The Gini coefficient is a widely used measure of income inequality, with countries with a low score recording a lower level of inequality. The best performing countries are dominated by the Nordics and Central/Eastern Europe, with Europe as a whole tending to do much better than the United States.
It’s often argued that this is because of the weaker welfare state in the US, but recent research from the Paris School of Economics explores whether this narrative really stacks up. The researchers argue that the greater inequality evident in the US is not because of insufficient wealth transfer and more to do with greater pretax inequality.
Causes of inequality
The researchers compare inequality in twenty six European countries with that of the United States since 1980. This confirms that inequality is significantly higher in the US than it is in Europe. This trend has widened since the start of the data period, where inequality levels were broadly comparable.
This is largely not the result of taxes and wealth transfers, despite government spending being lower in the US and therefore lower-income groups receiving lower transfers. For instance, 13% of the income of the poorest 50% is in the form of some kind of public spending in the US, compared to 18% in France and 23% in Denmark.
Taxes are also more progressive in the US, however, with indirect taxes significantly lower than in Europe. By contrast, social contributions are a more important factor in Europe, and these are often either flat or regressive in nature. As a result, the researchers argue that the tax-and-transfer system in the US is actually more effective at reducing inequality than in Europe.

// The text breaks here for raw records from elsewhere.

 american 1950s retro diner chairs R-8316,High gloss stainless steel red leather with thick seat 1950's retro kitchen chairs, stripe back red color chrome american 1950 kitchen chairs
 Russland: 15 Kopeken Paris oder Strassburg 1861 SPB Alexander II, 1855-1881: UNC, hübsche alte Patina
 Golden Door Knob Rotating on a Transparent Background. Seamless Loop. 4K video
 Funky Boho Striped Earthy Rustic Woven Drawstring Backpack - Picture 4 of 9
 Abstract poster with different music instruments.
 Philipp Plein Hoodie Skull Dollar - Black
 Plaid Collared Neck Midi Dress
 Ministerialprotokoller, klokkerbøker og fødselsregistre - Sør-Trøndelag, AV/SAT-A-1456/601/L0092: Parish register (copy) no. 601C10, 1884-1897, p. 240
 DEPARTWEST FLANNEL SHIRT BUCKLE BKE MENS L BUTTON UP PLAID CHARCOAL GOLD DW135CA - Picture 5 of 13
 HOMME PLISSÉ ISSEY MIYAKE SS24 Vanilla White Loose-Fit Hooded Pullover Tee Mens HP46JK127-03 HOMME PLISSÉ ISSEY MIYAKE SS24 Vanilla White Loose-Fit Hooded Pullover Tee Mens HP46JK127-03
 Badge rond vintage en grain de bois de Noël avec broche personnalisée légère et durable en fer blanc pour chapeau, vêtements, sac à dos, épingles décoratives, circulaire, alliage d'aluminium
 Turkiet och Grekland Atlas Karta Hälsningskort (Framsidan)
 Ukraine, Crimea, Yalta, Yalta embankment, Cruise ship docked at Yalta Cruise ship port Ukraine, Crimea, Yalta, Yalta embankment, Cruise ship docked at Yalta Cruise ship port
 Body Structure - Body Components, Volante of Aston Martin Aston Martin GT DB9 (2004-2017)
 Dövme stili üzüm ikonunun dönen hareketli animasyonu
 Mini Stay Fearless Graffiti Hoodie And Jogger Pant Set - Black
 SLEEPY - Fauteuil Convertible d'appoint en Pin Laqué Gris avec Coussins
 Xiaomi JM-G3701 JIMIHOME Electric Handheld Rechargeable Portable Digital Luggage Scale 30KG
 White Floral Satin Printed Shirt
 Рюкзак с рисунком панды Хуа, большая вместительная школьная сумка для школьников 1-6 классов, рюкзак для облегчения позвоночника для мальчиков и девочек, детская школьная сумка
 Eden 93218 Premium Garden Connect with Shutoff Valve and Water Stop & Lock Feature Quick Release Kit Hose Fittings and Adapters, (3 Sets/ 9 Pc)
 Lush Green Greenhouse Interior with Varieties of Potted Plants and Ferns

Indeed, the net transfer received by the poorest half of the population was equivalent to roughly 6% of national income compared to around 4% in Denmark and just 1% in Spain. As a result, government redistribution isn’t the reason for the high inequality in the US.
As a result, the researchers argue that while things like social spending and progressive taxation can play a crucial role in reducing poverty and inequality, they’re not enough on their own to explain the differences seen between countries. Indeed, it’s likely to be impossible to redistribute one’s way out of inequality.
Instead, it is important to take account of “predistribution” factors, such as unionization rates, labor market regulation, and access to healthcare and education, as each of these plays a much bigger role in inequality levels.